#### [Task instructions]
Examine the material below. Gather every line in which the string "with" appears.

#### [Input for this task]
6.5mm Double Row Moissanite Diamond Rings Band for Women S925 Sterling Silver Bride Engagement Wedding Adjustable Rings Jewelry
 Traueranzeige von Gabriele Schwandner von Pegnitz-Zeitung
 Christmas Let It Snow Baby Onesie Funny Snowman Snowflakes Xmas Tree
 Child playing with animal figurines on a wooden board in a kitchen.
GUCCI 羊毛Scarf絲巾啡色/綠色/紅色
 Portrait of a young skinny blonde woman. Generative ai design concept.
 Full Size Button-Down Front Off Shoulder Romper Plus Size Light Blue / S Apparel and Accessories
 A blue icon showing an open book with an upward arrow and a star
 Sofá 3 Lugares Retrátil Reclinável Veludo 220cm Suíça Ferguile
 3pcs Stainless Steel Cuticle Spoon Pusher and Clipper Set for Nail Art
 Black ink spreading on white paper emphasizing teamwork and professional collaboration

#### [Answer]
 Child playing with animal figurines on a wooden board in a kitchen.
 A blue icon showing an open book with an upward arrow and a star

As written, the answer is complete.